==== Supplied information ====

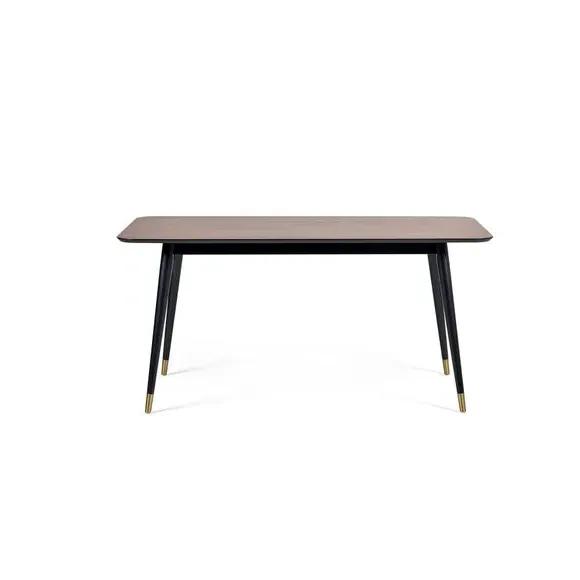 6-Seater Rectangular Dining Table - Walnut, Wood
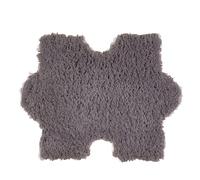 CGJseFH alfombras, Decoración De Sala Estar Mullida for Fácil Limpieza Alfombras Dormitorio Pelo Corto Suave Antideslizante Diseño Retales Coloridos Alfombra for Niños(Light Grey)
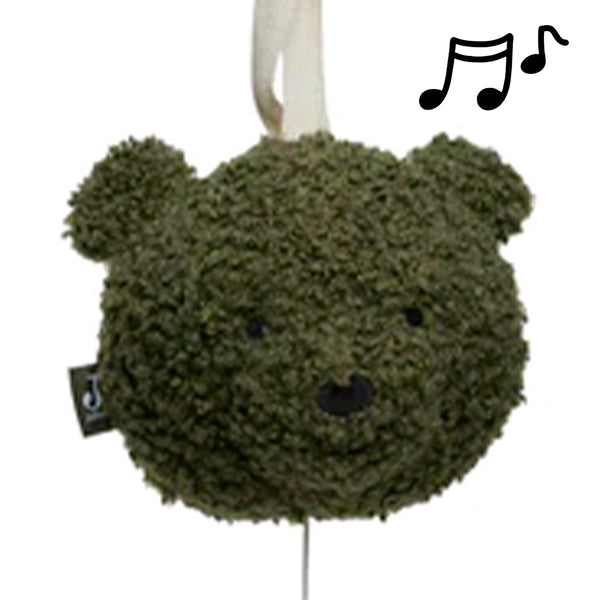 Peluche Musicale Teddy Bear - Leaf Green JOLLEIN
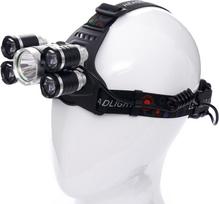 Prožektorius 1xT6LED+4xQ5LED ant galvos, įkraunamas KD1247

====

What you will do:
The answer must be an exact copy of the lines from the one with "Peluche Musicale Teddy" through the final line above, both ends included, and nothing else; pictures stay out.

Response area:
 Peluche Musicale Teddy Bear - Leaf Green JOLLEIN
 Prožektorius 1xT6LED+4xQ5LED ant galvos, įkraunamas KD1247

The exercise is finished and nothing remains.